Some recent commentary/opinion pieces weigh in on the need for more time to help close the achievement gap. An opinion article in on the Minneapolis Post site today says we don't have an achievement gap as much as we have a "learning gap," arguing that education leaders have largely ignored the importance of out-of-school experiences to improve student outcomes.
"Learning beyond the classroom prepares youth for learning in the classroom. To focus on the classroom as if it exists in a vacuum will never allow us to close the learning gap," writes Paul Meunier, director of services with the Minnesota Youth Intervention Programs, adding that youth-intervention programs can be particularly powerful. "Youth-intervention programs are an important part of the solution. Generally provided outside of the school setting, these programs meet the needs of youth who have lost sight of the need to learn and falling out of favor with the broader community."
Others seem to be more hesitant to agree.
According to an opinion piece in the Chicago Sun-Times, some parents in Chicago aren't ready to have all the district's schools shift to a longer calendar next year.
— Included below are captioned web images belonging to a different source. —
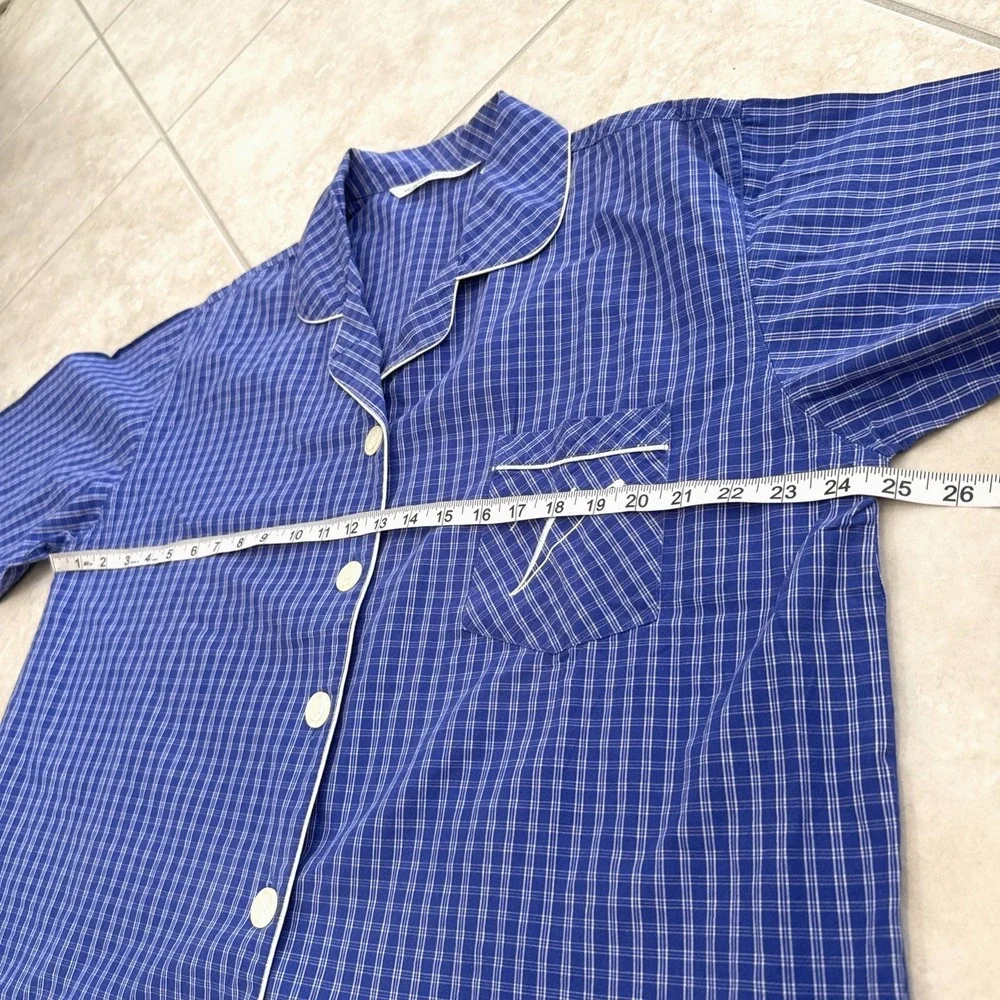 VTG Victoria's Secret Pajama Set Blue Plaid Sz L Long Sleeve Y2K 1999 Monogram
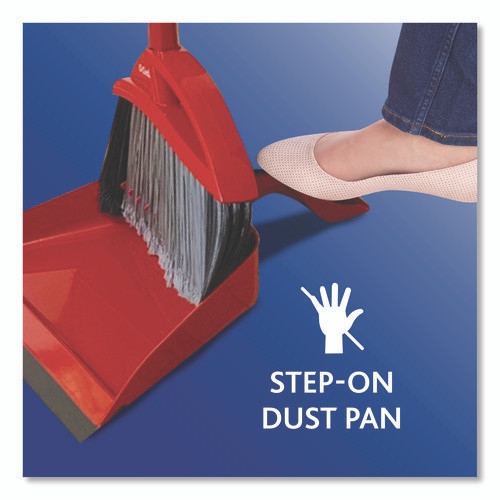 PowerCorner Pet Pro Broom and Step-On Dust Pan, 48" Handle, Red/Black/Gray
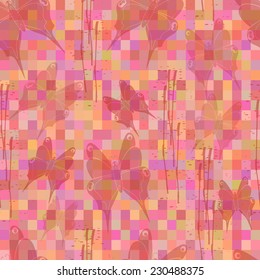 Background of butterflies. Pink. Abstraction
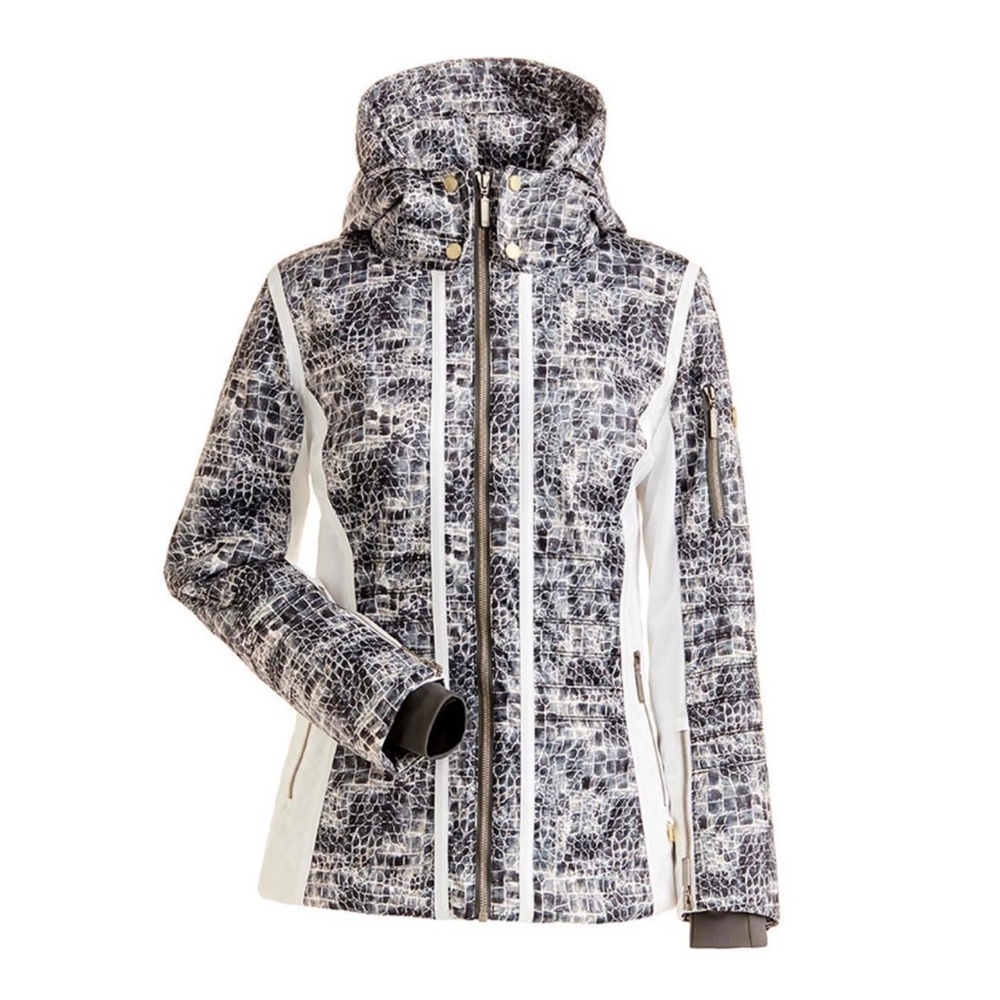 NILS Isa Insulated Ski Snowboard Jacket Removable Hood Black White Animal Size 8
As you may remember, some schools in the city have piloted an expanded learning model this year, with a plan to go districtwide by next school year.
"Without careful planning, adequate funding, and real meaningful dialogue among all stakeholders, nothing of significance for our children can come from the initiative," the piece reads. "Many parents believe the media aren't giving the issue the coverage it deserves and are failing to ask critical questions about funding, staffing, and safety."
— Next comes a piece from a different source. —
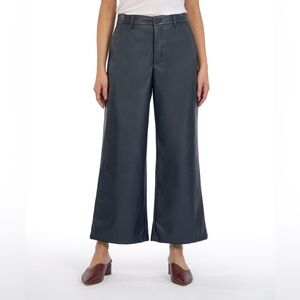 [kut from the kloth] aubrielle vegan leather wide leg trouser navy blue 00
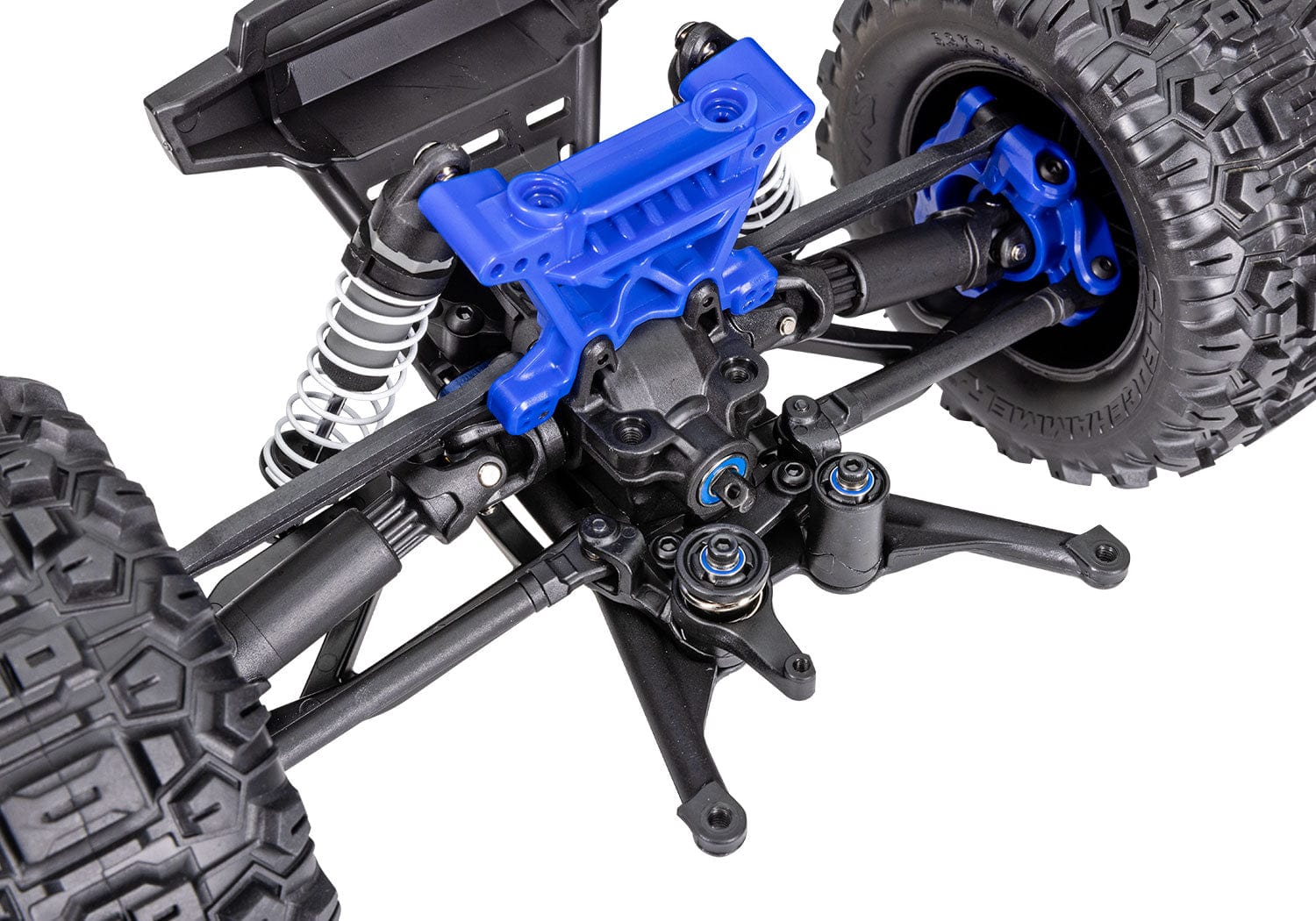 [Motor] Traxxas Stampede 2S - mavi direksiyon bellcrank mekanizması yakın çekim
And in other news in the out-of-school/expanded learning realm:
Hilton Worldwide, the corporate organization that backs the global hotel chain, is partnering with Global Kids, a nonprofit that runs out-of-school-time programs focused on global learning in the District of Columbia and New York City, to support its programs. Hilton Worldwide staff will begin volunteering in the D.C. locations initially, providing career mentoring and service-learning activities. Global Kids reaches more than 14,000 students each year.